*** RECORDED INFORMATION

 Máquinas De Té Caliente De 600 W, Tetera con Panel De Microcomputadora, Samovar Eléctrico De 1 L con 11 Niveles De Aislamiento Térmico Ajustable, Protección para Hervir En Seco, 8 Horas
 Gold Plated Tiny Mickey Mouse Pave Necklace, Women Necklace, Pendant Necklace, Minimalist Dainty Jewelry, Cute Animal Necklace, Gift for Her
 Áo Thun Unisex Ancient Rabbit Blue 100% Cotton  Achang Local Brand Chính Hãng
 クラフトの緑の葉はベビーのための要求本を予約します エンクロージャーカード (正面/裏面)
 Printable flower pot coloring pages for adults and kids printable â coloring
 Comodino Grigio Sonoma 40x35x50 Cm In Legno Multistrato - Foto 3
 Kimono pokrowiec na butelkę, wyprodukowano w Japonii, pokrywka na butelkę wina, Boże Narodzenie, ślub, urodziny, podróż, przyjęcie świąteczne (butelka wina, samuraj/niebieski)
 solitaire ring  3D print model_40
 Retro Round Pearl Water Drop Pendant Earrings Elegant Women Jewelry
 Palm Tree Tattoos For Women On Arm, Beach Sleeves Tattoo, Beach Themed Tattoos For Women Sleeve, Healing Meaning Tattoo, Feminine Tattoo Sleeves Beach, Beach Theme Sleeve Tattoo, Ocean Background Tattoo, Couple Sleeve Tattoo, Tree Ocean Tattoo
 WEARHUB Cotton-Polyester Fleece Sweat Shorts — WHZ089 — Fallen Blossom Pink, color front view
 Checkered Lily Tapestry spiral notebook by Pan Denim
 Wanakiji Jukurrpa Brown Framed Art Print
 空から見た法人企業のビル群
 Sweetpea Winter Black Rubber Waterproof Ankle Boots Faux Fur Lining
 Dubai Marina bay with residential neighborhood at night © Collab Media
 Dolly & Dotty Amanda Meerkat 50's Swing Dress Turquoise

******

Word for word, retype the lines from the one containing "Retro Round Pearl" through the final line of the data, including both ends and nothing more.

▶ _EXERCISE OUTPUT_:
 Retro Round Pearl Water Drop Pendant Earrings Elegant Women Jewelry
 Palm Tree Tattoos For Women On Arm, Beach Sleeves Tattoo, Beach Themed Tattoos For Women Sleeve, Healing Meaning Tattoo, Feminine Tattoo Sleeves Beach, Beach Theme Sleeve Tattoo, Ocean Background Tattoo, Couple Sleeve Tattoo, Tree Ocean Tattoo
 WEARHUB Cotton-Polyester Fleece Sweat Shorts — WHZ089 — Fallen Blossom Pink, color front view
 Checkered Lily Tapestry spiral notebook by Pan Denim
 Wanakiji Jukurrpa Brown Framed Art Print
 空から見た法人企業のビル群
 Sweetpea Winter Black Rubber Waterproof Ankle Boots Faux Fur Lining
 Dubai Marina bay with residential neighborhood at night © Collab Media
 Dolly & Dotty Amanda Meerkat 50's Swing Dress Turquoise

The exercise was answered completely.